The rebranded and renovated retail location now sporting bright pink-and-orange “Dunkin'” signage, on Amherst Street in Nashua, recently celebrated its grand re-opening after a two-week pause to launch a complete renovation.
The facelift and implementation of some customer-friendly innovations herald the realization that the long-standing enterprise that is “Dunkin’ Donuts,” a corporate family of some 8,500 restaurants nationwide, and another 3,200 worldwide is nowadays so much more than donuts.
Sandwiches, wraps, bakery and snacks, along with bagels, frozen drinks and iced coffee, sometimes spritzed with flavor shots or almond milk, share the spotlight. Donut fries are coming in July.
John Motta, a Nashuan since 1982, has been a Dunkin’ Donuts franchise holder for 38 years. He owns nine local shops and 20 in the Virginia Beach area. He recently said the Nashua Dunkin’ he purchased that year is now the area’s flagship for the rebranding. It is located across the street from the shopping complex landmarked by Whole Foods Market and AC Moore.
“We wanted to be one of the first in the country to do this transformation,” Motta said. “All the plans going forward for new locations are done to these new specifications.”
Motta cited the shop’s drive-thru as a steady attraction at the Dunkin’ restaurant. The building is adjacent to the shopping center housing the Aldi grocery store and other retailers. A previous DD without a drive-thru was demolished in 1999 to be replaced with today’s structure and its much appreciated drive-thru.
A new brewing system at Dunkin’ foregoes the need to brew one pot of coffee at a time. The new system produces triple the amount in one brewing. In addition, the 18 varieties of donuts, along with the Munchkins and muffins formerly shelved in racks behind the counter, are now displayed in glass cases up front.
Another amenity is a drink service featuring a row of long-handled taps reminiscent of those dispensing craft beers at some taverns. An upgraded espresso coffee machine now makes the drink “100 percent better than before,” according to Motta.
Tea service includes green tea, herbal tea and other selections.
Motta credited his staff for nurturing the shop’s legacy of satisfied customers. He described Joel DeLeon, of Nashua, the store’s general manager, as a hard worker whose challenges include a continuing need for additional employees, crew members to amply staff three shifts of the shop’s open hours, 4 a.m. to 10 p.m.

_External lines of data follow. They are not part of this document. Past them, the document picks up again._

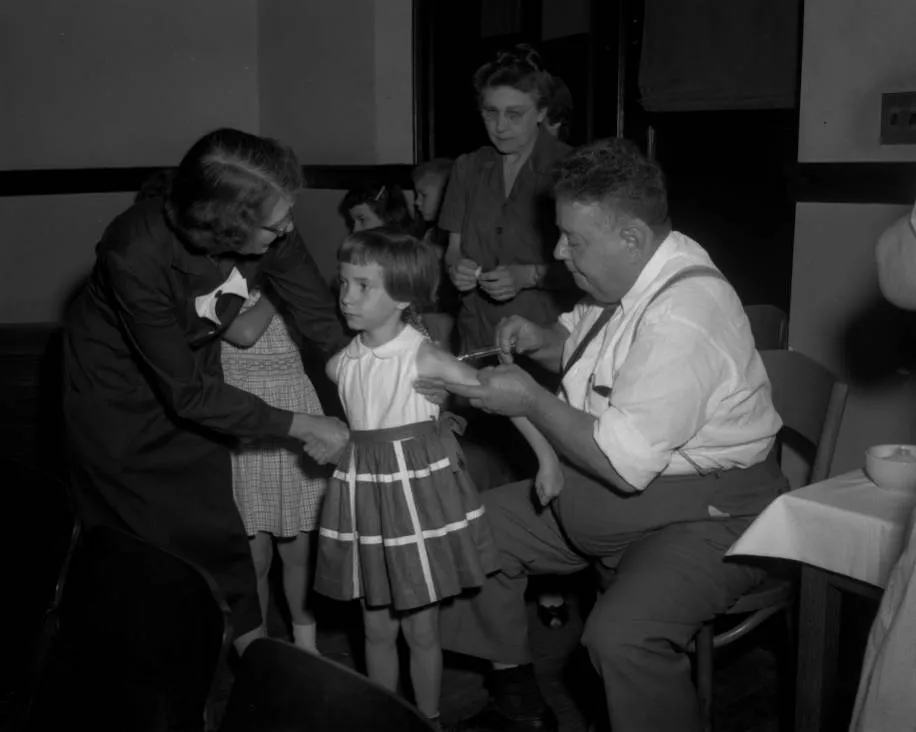 Image of a child getting the Polio vaccine in 1955.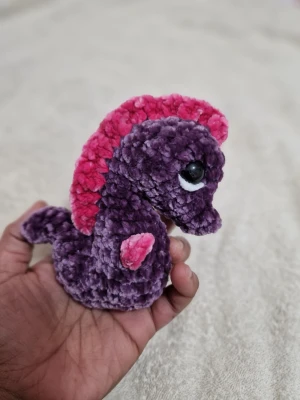 Lila och rosa virkad sjöhäst - En söt, handgjord sjöhäst i mjuk lila och rosa garn. Den har stora svarta ögon och en rosa man längs ryggen. Perfekt som dekoration eller liten maskot. Tillverkad i plyschliknande material.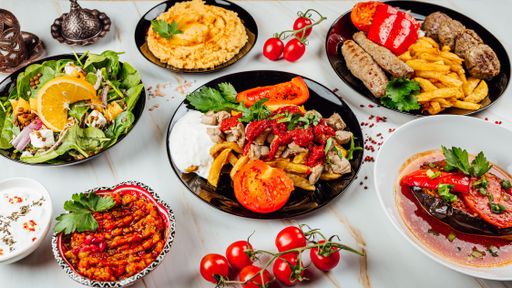 A closeup shot of healthy different dishes with soups and salad on a wooden table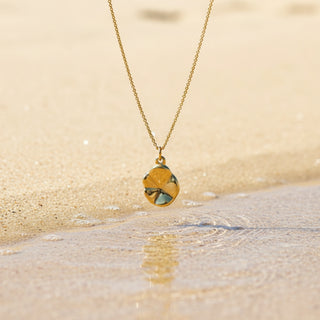 Gold necklace with a pendant on a sandy beach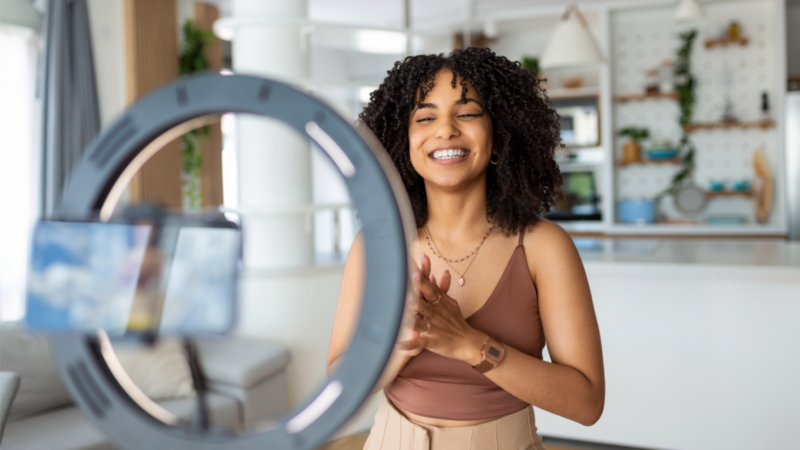 A smiling woman looks at a camera, capturing a moment with joy and enthusiasm.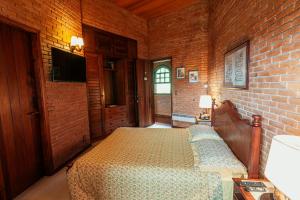 a bedroom with a bed and a brick wall at Estalagem Entardecer da Serra in Monte Verde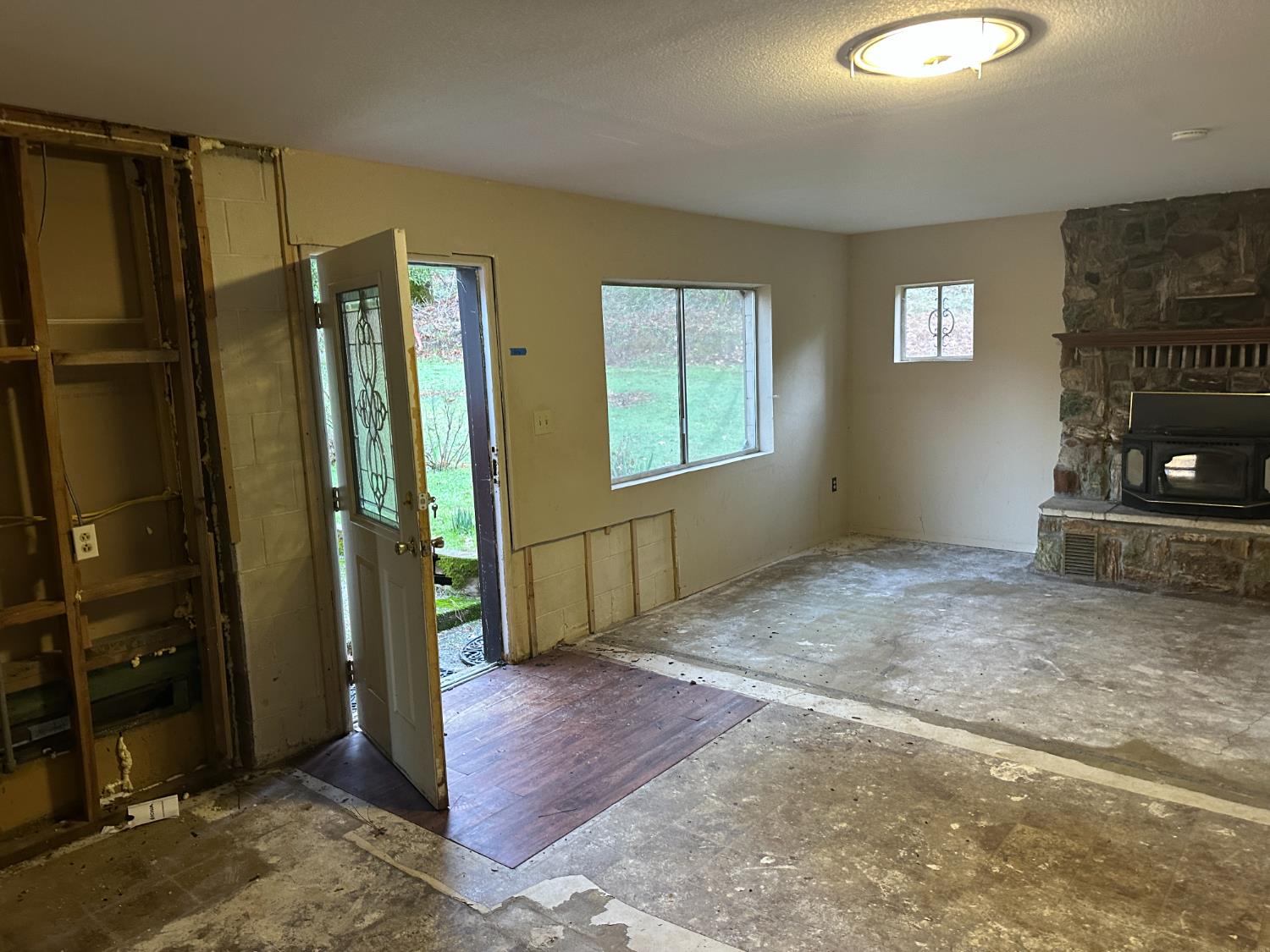 620 Schroeder Lane Colfax, CA 95713 - Photo 20 of 30 a view of an empty room with a fireplace and a window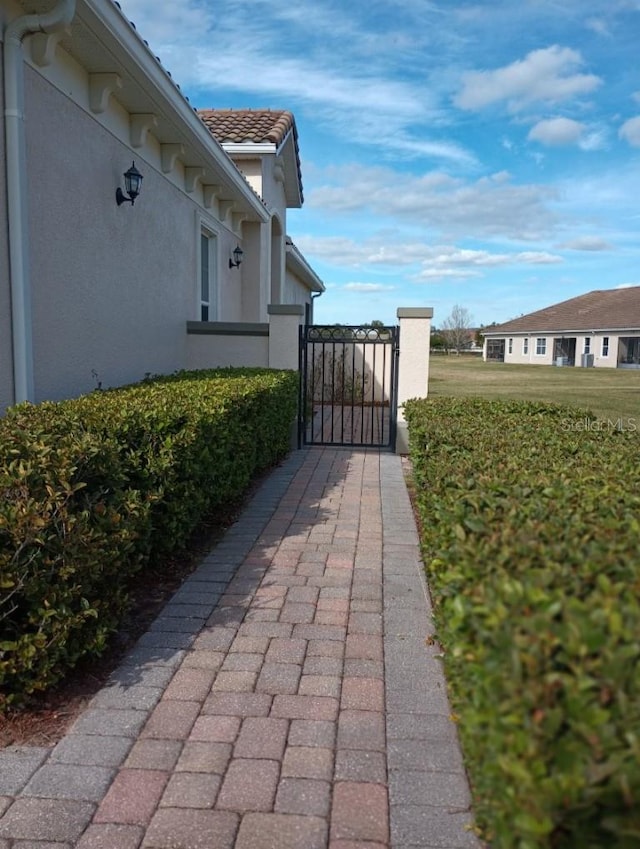 view of home's exterior with a yard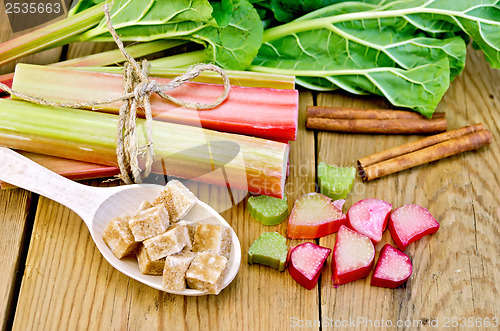 Image of Rhubarb with sugar and cinnamon on the board
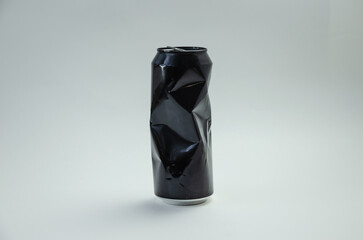 Crumpled aluminum black can on light background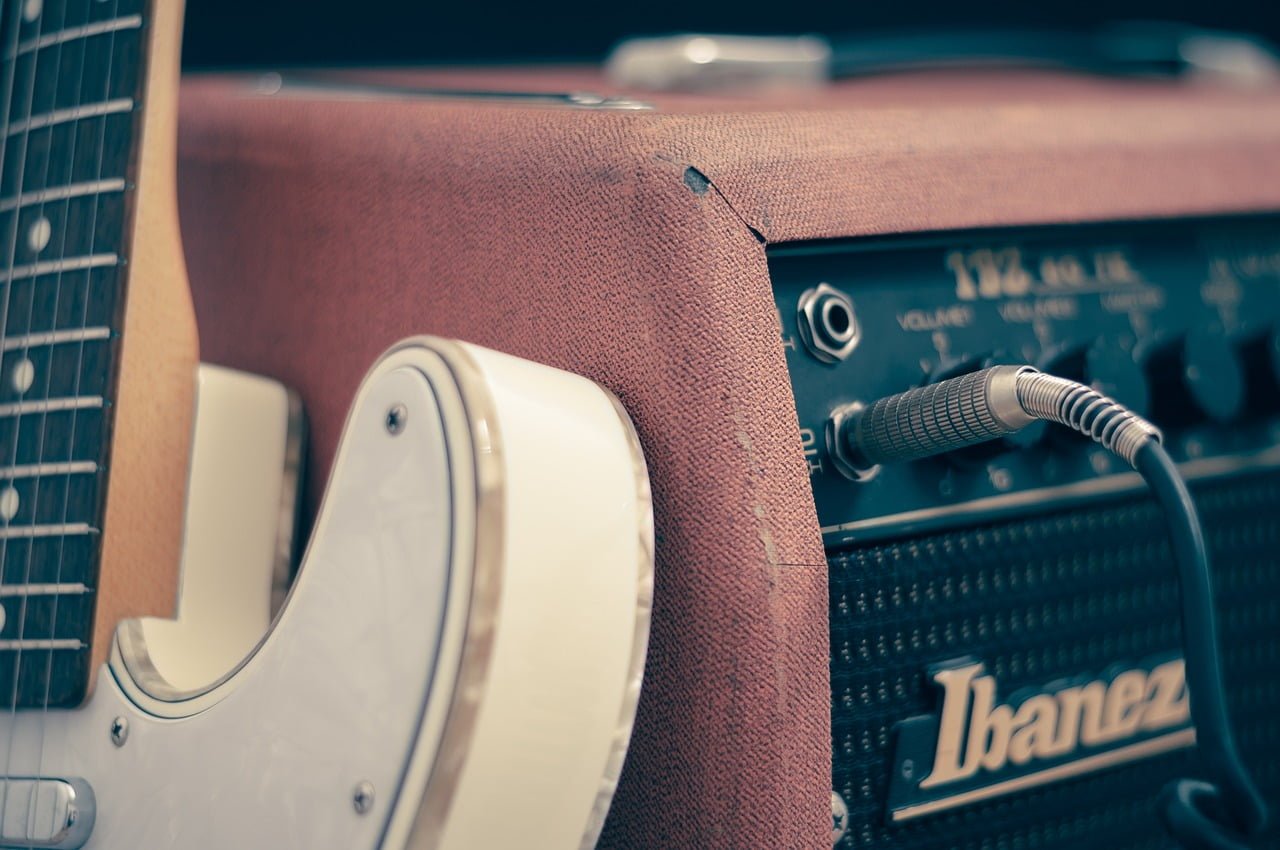 Close-up of a white electric guitar leaning against a brown Ibanez guitar amplifier with a cable plugged in.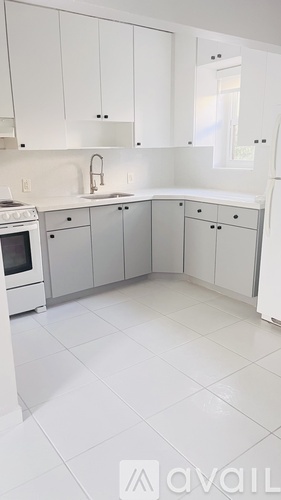 A kitchen with white cabinets and appliances.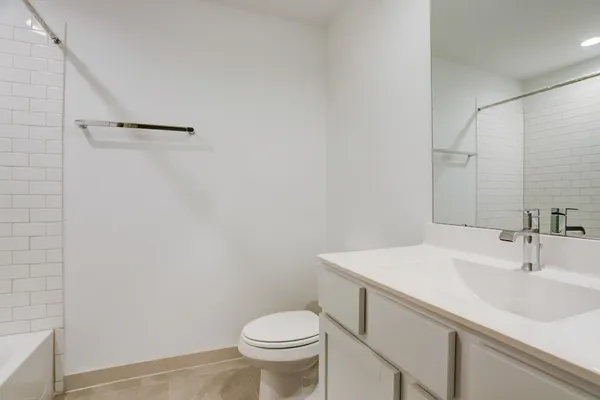 a bathroom with a sink and a toilet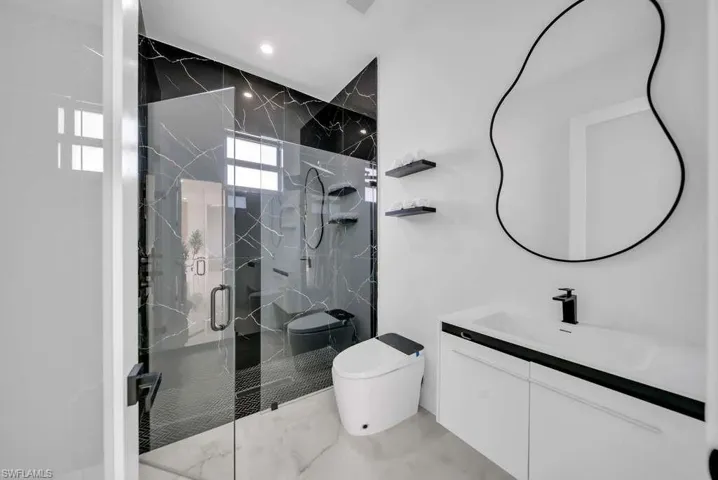 Full bath with vanity, a marble finish shower, and light marble finish floors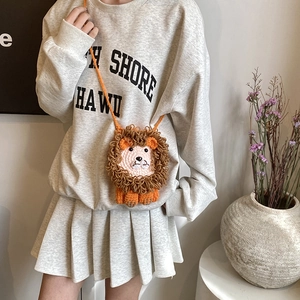 Sac bandoulière lion au crochet pour enfants avec tricot orange et détails de crinière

Dunkin’ Manager Bryce Scanlon, of Nashua, saluted the shop’s legion of dedicated patrons for the non-stop flow of traffic, coffee and tasty eats. He said, “We’re here for them – we’re fueled by positive energy – life is good.”
Customer Dan Jordan, an Army veteran and longtime Nashuan, and his wife, “Peg,” are among those pleased to see the grand re-opening, celebrated on Sunday, June 17. A visit by Dan on Monday, June 25, to get coffee and a donut was capped with a hug by crew member Sara Crowley, of Merrimack.
The pair have long supported Dunkin’ Donuts, founded in 1950 in Quincy, Massachusetts, by Bill Rosenberg and offered five years later as a franchise opportunity for other entrepreneurs.
We’ve been coming here for so many years,” Dan said. “I’ve watched some of these kids grow up, as Peg and I are almost seven-day-a-week customers.”